■ **Problem to work on**
What you return should be the full listing, word for word, without a single image.

■ **Dataset section**
[Start of section]

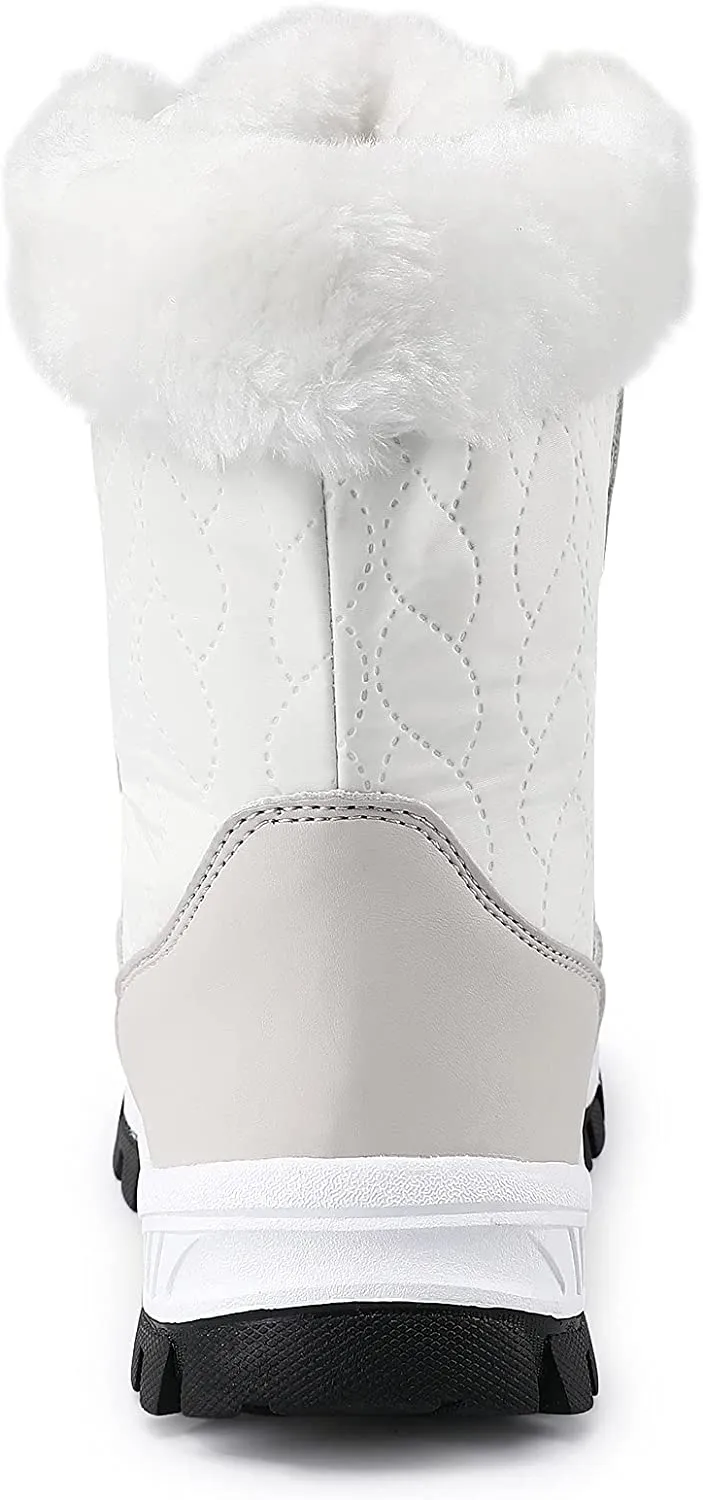 Winter White Beige Waterproof Furry Mid Calf Shoes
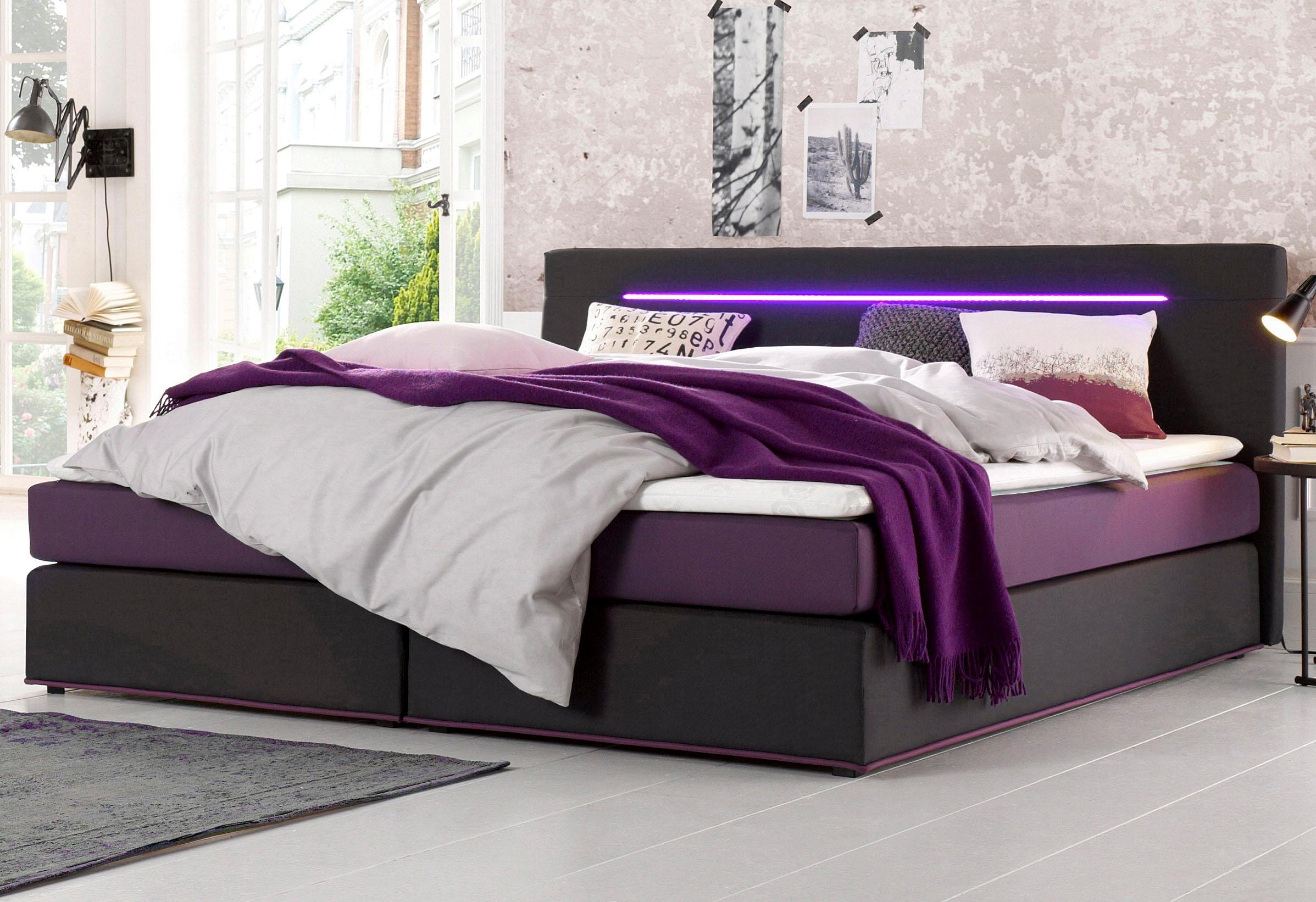 COLLECTION AB Boxspringbett, inkl. LED-Beleuchtung mit Farbwechsel und Topper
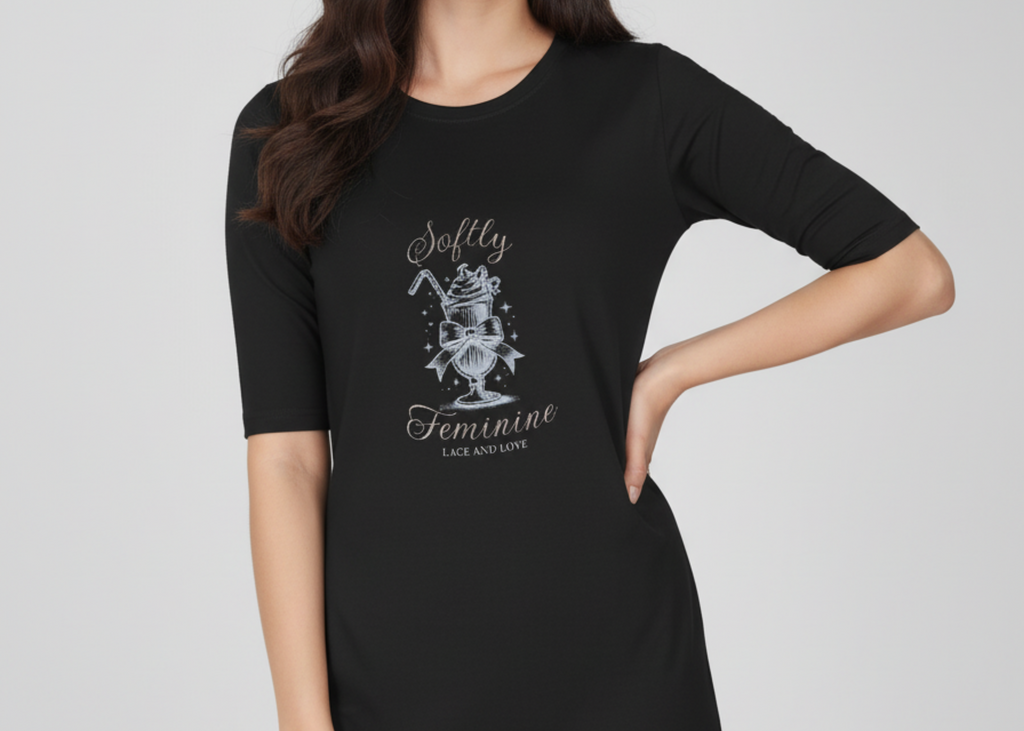 Softly Feminine - Black Long T-Shirt Dress for Women With Pockets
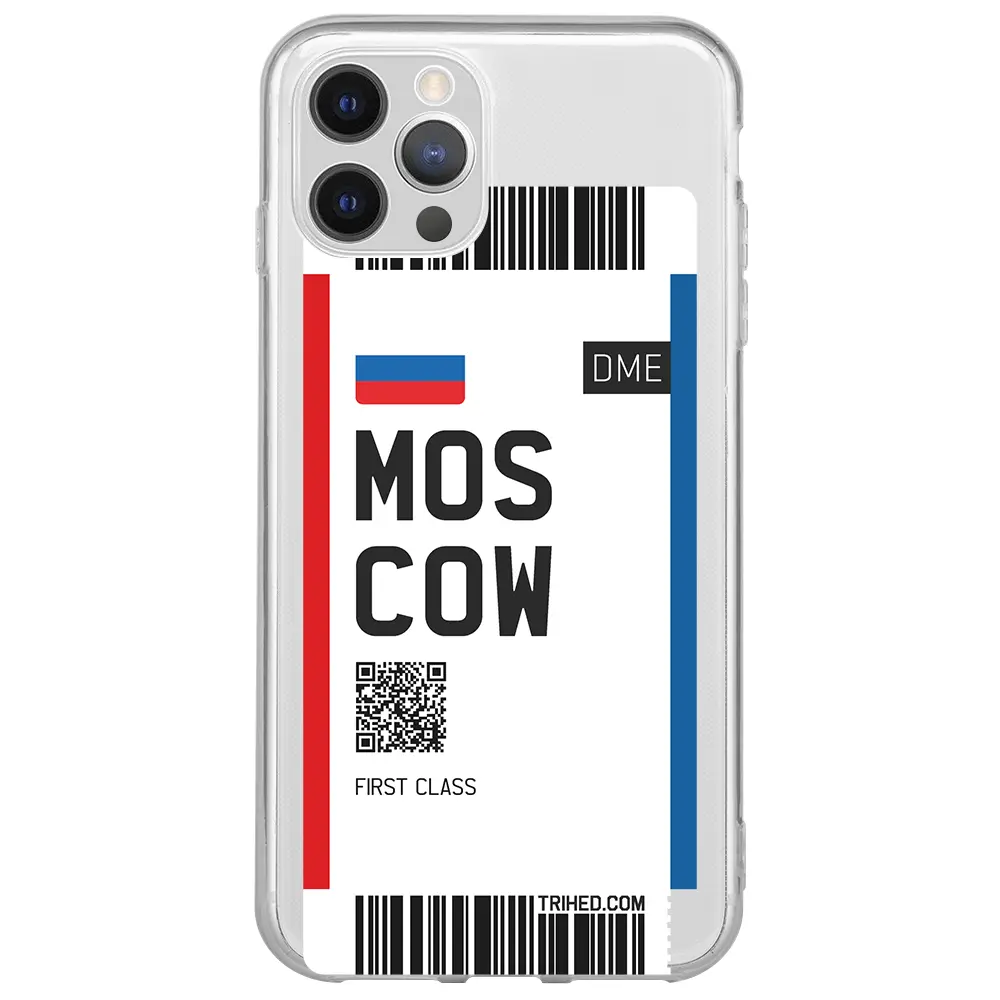 Apple iPhone 12 Pro Max Şeffaf Telefon Kılıfı - Moscow Bileti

[End of section]

■ **Solution for this exercise**
 Winter White Beige Waterproof Furry Mid Calf Shoes
 COLLECTION AB Boxspringbett, inkl. LED-Beleuchtung mit Farbwechsel und Topper
 Softly Feminine - Black Long T-Shirt Dress for Women With Pockets
 Apple iPhone 12 Pro Max Şeffaf Telefon Kılıfı - Moscow Bileti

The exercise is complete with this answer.